You could try these 3 commands:
g/^\\begin/,/^\\end/-s/$/\="\<c-a>"/|?^\\begin?,+j!
g/^/m0
%s/\%u0001/\r/g
The first one appends a literal C-a
character at the end of every line in your paragraphs, and joins all the lines in each paragraph.
Now that your paragraphs have been reduced to single lines, the second command can reverse their order.
Finally, the third command splits the lines back into paragraphs, by removing the literal C-a
characters, and replacing them with newlines.

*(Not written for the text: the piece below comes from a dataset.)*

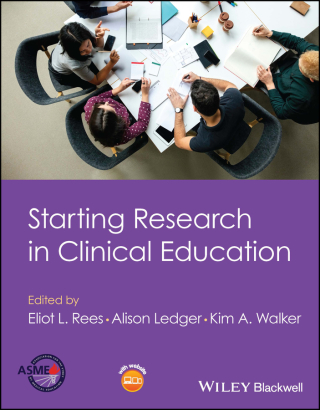 Imagen de portada: Starting Research in Clinical Education 1st edition 9781119861980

The first command can be explained like this:
g/^\\begin/,/^\\end/-s/$/\="\<c-a>"/|?^\\begin?,+j!
└────────┤ └─────────────────────┤ └────────────┤
│ │ └ and this one (B)
│ └ execute this command (A)
└ for every line beginning with `\begin`
(A)
can be broken down further:
,/^\\end/-s/$/\="\<c-a>"/
│└──────┤│└─┤ └────────┤
│ ││ │ └ with a literal `C-a`
│ ││ │
│ ││ └ replaces any end-of-line
│ ││
│ │└ … and move up one line
│ │
│ └ down to the next line beginning with `\end` …
│
└ from the current line (because there's nothing before the comma; you could write a dot; here it's implicit)

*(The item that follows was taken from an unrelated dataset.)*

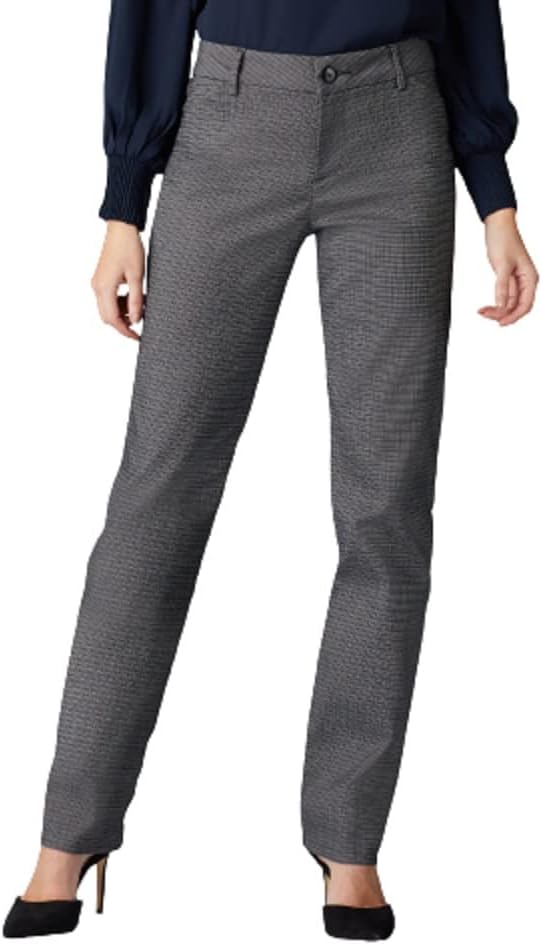Lee Women's Petite Wrinkle Free Relaxed Fit Straight Leg Pant Review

This is a substitution command whose:
- range is
,/^\\end/-
- pattern is
$
- replacement is
\<c-a>
It replaces any end-of-line with a literal C-a
.
(B)
can be broken down like this:
?^\\begin?,+j!
└────────┤ │││
│ ││└ without adding/removing any space
│ ││
│ │└ join all the lines inside the range
│ │
│ └ down to the line below the current line (`+` = `.+1`)
│
└ from the previous line beginning with `\begin`
The 2nd command can be explained like this:
g/^/m0
└─┤ └┤
│ └ move it at the top
│
└ for every line in the file
The 3rd command can be explained like this:
%s/\%u0001/\r/g
└┤ └─────┤ └┤ │
│ │ │ └ globally (i.e. all the occurrences on a line; not just the 1st)
│ │ │
│ │ └ with a newline
│ │
│ └ replace a `C-a` (`0001` is its unicode)
│
└ for every line in the file
For more information, see:
:help :g
:help :s
:help :m
:help :j
Alternatively, I haven't used any of them, but you could try the AdvancedSorters plugin (the ingo-library being a dependency), or this snippet of code.